European Geologist Journal 48

A field trip enhanced with ARTutor, an augmented reality educational platform


by M. Psychogiou1, K. Georgiou1, A. Antonarakou2 and H. Drinia2

Hellenic Ministry of Education, Athens, Greece

National and Kapodistrian University of Athens, Department of Geology and Geoenvironment, Athens, Greece



Field trips constitute a powerful educational tool, providing students with the opportunity to acquire authentic, hands-on experiences by direct contact with the natural environment. Technological advances, especially augmented reality (AR) applications, can add a whole new dimension to field trips. This paper discusses a field trip where secondary school students were asked to locate different rock formations on site from the pictures they had been given. By scanning these pictures with the ARTutor application on their mobile devices, they were given access to educational material (pictures, videos and text) loaded into the ARTutor platform. The instructional design and the application of this enriched field trip were evaluated by the students, who worked in groups combining information collected through ARTutor to complete activities.
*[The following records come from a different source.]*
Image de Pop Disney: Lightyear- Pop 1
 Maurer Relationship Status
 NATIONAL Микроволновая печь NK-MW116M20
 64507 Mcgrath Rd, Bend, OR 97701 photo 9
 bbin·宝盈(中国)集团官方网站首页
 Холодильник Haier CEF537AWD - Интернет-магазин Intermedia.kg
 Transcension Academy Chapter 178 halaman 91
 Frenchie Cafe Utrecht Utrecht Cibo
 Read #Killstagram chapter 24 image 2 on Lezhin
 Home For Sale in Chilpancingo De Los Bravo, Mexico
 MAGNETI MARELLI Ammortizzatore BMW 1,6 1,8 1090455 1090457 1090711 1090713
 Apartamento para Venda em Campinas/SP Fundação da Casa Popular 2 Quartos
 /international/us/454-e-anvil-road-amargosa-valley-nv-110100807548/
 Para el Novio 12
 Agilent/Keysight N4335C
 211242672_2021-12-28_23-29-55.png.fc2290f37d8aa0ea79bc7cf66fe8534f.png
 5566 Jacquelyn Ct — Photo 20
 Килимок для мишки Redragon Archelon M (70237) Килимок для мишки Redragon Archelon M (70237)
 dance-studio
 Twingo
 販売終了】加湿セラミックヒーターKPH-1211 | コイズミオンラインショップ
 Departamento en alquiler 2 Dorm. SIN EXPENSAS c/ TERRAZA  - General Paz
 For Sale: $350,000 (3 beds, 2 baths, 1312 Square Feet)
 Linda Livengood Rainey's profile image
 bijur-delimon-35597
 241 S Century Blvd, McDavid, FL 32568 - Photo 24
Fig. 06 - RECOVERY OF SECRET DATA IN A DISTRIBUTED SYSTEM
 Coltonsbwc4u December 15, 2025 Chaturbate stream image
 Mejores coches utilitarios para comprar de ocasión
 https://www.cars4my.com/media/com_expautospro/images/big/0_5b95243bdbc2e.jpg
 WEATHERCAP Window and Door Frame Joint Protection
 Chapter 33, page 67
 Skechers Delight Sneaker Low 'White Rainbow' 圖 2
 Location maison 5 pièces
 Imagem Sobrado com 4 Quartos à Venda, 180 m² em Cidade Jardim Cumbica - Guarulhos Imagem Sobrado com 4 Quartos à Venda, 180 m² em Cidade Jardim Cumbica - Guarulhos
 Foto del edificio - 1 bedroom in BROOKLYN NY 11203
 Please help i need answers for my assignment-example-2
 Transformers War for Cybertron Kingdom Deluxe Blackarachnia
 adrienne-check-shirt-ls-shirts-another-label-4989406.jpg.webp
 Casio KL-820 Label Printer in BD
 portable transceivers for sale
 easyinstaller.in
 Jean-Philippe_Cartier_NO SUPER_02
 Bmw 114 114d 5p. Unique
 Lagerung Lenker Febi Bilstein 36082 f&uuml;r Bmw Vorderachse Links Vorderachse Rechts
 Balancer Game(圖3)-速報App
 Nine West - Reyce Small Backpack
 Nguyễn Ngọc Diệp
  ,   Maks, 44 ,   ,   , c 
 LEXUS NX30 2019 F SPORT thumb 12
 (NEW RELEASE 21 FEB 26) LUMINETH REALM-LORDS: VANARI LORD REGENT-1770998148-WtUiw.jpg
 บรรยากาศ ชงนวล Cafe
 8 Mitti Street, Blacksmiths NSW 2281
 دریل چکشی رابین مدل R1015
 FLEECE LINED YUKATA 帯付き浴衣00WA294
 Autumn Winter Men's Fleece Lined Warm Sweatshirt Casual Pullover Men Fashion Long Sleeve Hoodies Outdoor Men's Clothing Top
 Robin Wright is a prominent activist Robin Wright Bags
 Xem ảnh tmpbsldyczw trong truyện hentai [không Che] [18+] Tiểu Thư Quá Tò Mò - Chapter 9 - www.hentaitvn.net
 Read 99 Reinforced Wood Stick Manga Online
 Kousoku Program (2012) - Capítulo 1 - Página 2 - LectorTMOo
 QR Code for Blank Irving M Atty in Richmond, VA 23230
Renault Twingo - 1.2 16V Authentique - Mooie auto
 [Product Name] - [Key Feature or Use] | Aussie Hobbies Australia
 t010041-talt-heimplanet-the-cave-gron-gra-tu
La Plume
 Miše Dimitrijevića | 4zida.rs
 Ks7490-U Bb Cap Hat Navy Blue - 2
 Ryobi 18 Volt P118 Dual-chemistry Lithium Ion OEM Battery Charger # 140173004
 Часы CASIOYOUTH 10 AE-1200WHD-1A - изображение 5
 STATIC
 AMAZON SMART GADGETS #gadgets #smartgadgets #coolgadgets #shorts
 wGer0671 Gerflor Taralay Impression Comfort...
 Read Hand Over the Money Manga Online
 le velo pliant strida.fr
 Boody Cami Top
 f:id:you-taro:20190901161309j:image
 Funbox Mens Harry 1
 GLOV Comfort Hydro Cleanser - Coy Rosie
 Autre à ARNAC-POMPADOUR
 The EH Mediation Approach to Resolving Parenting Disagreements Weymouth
Geosites are sites of utmost significance for the geological heritage of our planet and attempts to acknowledge and register Geosites are taking place in many countries in order for them to be recognised and preserved. Geoconservation is vital, should people wish to ensure that future generations come into the wealth of diverse sites that have captured and reflect unique moments of the Earth’s history. The only way to achieve this is through education. Field trips are the best way to bring students into direct contact with geological treasures in situ and raise the awareness needed so that these are preserved. Technologies such as Augmented Reality applications enrich educational experiences and have the power to capture students’ attention, since they employ the use of devices that they are familiar with.

In this paper, we present a field trip that took place at the volcano Sousaki, enriched with AR activities that were created using the educational platform ARTutor. ARTutor was created at the AETMA lab in the Technological Institution of Eastern Macedonia and Thrace. The students that took part in the field trip were asked to locate different rock formations on site from the pictures they had been given. By scanning these pictures with the use of the ARTutor application on their mobile devices they were given access to educational material that had been loaded in the ARTutor platform. The augmentations were pictures, videos and text and provided a great deal of information regarding the rock formations of the volcano. The instructional design and the application of this enriched field trip were evaluated by the students, who worked in groups, combined the information collected through ARTutor and completed all activities. The feedback we received was assessed and will be taken into consideration for future similar endeavours.

This field trip that took place at the Sousaki Volcano site near Athens was the first in Greece to use and evaluate AR activities developed with the use of the ARTutor platform. The results were very promising and technology-enhanced field trips look as if they have a bright future. “The past is the key to the future”, as was maintained during the era of Enlightenment, the era of sciences, and what better way to step into the future than by combining real-life and technology-augmented learning experiences.

Theoretical background

A Geosite is a place of scientific interest due to its geological structures: rock formations, fossil presence, mineral outcrops, sedimentary or volcanic sequences, landforms or any other natural structures that represent an event, process or occurrence which reveal information regarding the evolution of the Earth (Wimbledon, 1996; ProGEO Group, 1998). It is regarded a site of geological heritage (geo-heritage) since its disappearance would result in the loss of information or geological documentation about the specific area.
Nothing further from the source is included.